(MATERIAL SHOWN)

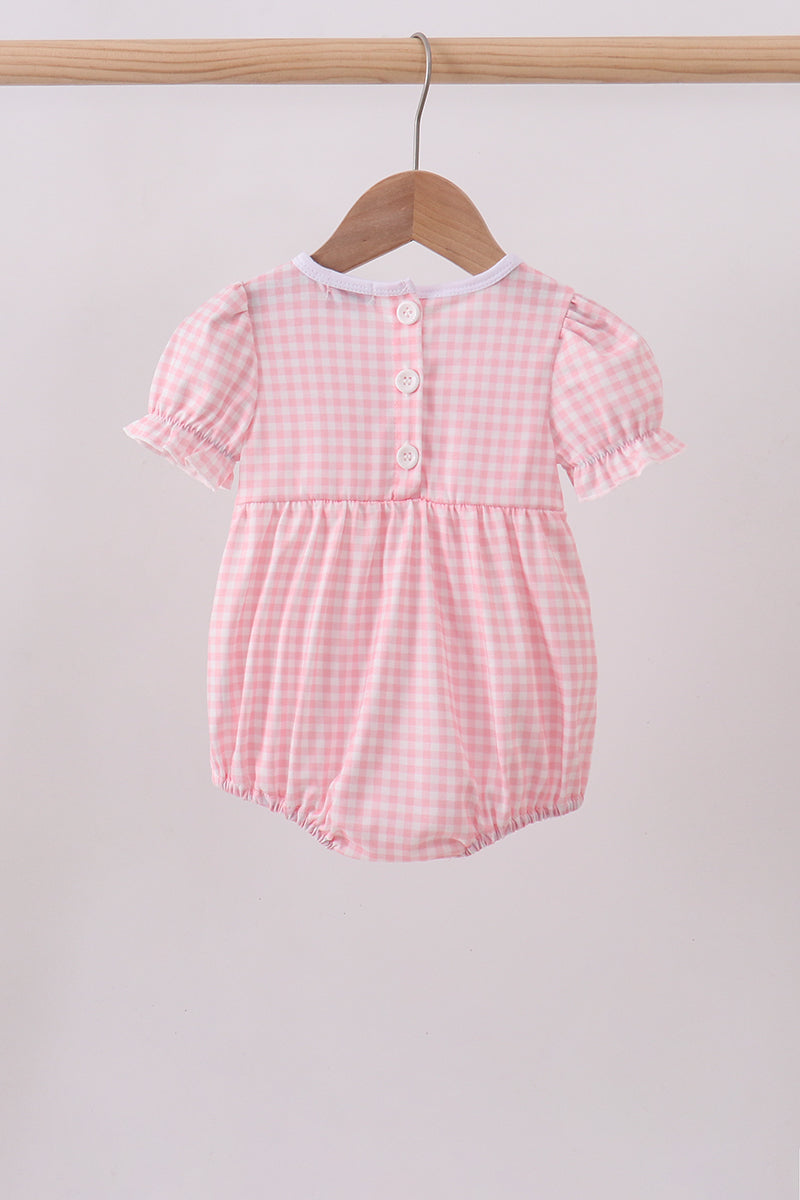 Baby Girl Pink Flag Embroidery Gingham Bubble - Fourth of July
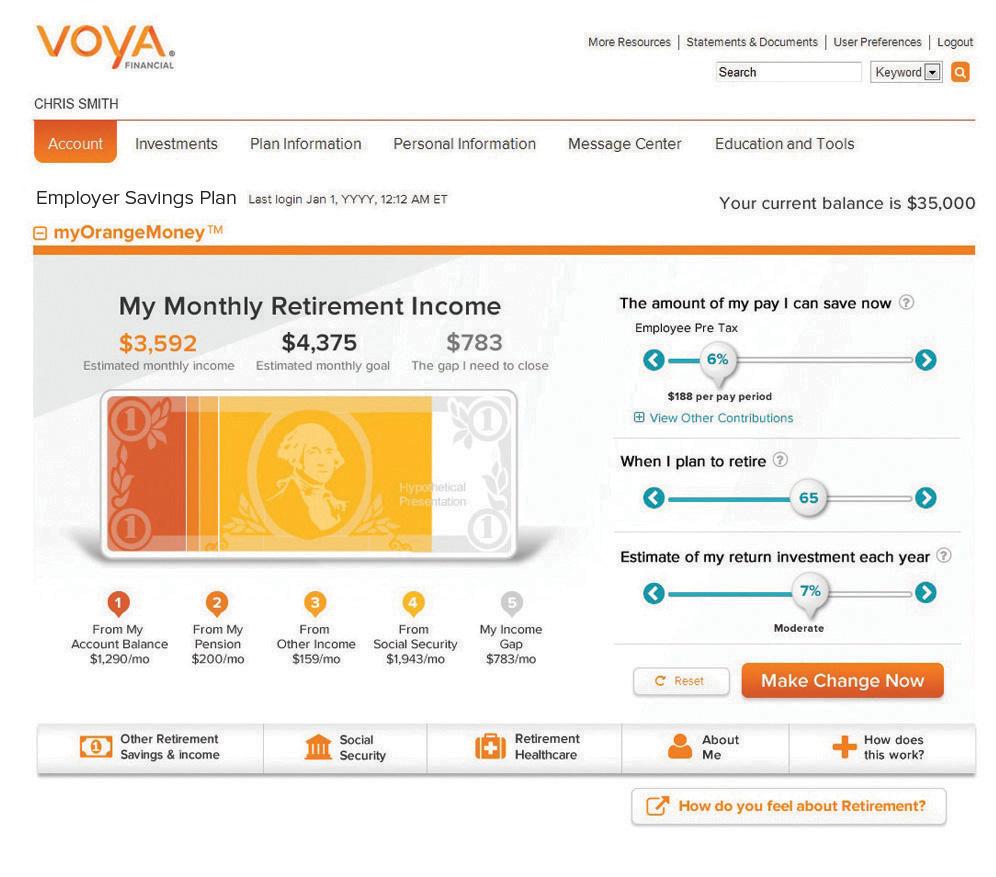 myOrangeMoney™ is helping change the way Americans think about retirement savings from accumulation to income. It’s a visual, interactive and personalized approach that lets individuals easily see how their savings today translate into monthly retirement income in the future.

(End MATERIAL SHOWN)
(MATERIAL SHOWN)

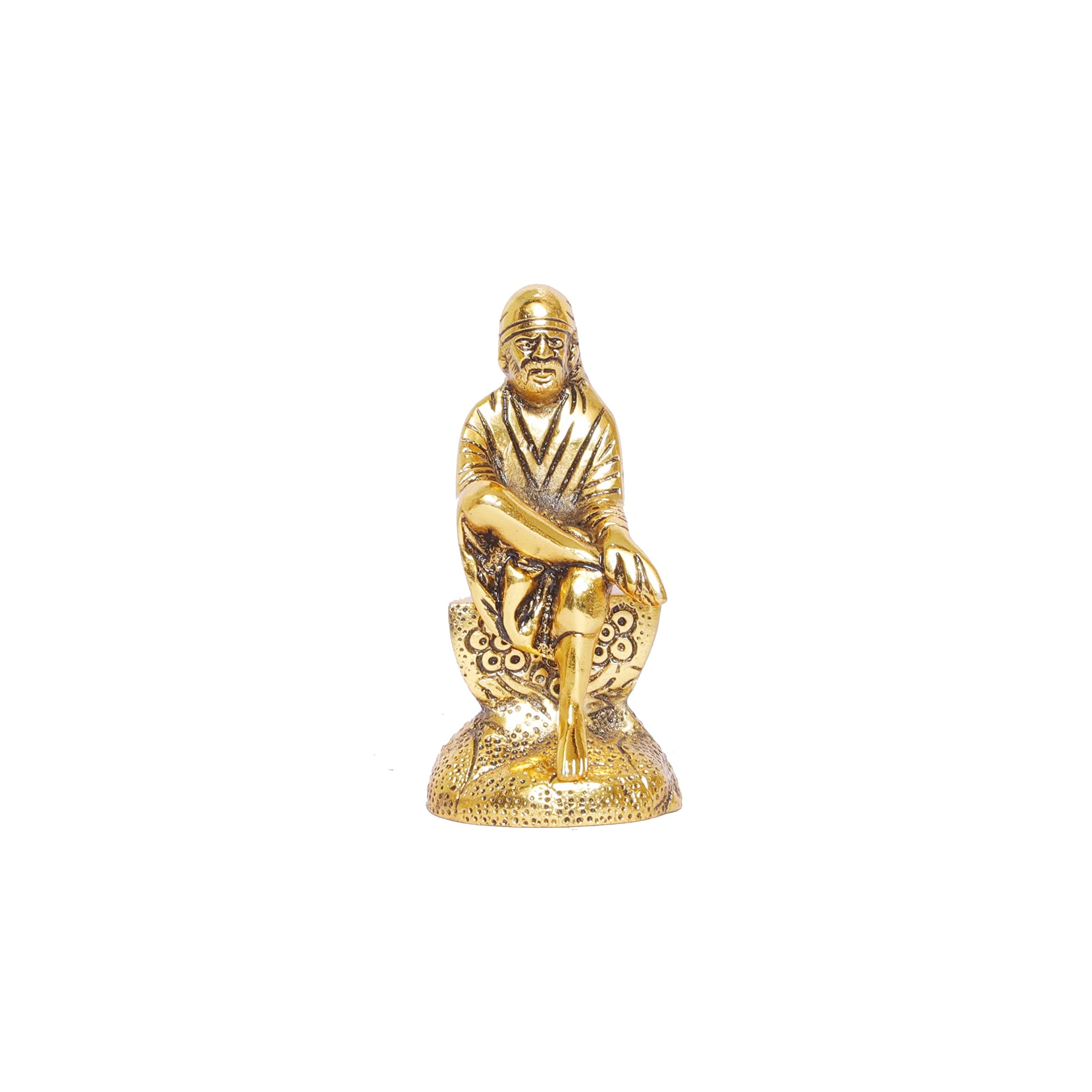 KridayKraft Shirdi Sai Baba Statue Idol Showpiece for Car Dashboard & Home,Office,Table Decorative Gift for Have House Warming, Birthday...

(End MATERIAL SHOWN)

## TASK INSTRUCTIONS
In the listing above, find the line with "Baby Girl Pink" and the line with "myOrangeMoney™ is helping". Transcribe those two and everything between, exactly, leaving out pictures.

## RESPONSE TO THE EXERCISE
 Baby Girl Pink Flag Embroidery Gingham Bubble - Fourth of July
 myOrangeMoney™ is helping change the way Americans think about retirement savings from accumulation to income. It’s a visual, interactive and personalized approach that lets individuals easily see how their savings today translate into monthly retirement income in the future.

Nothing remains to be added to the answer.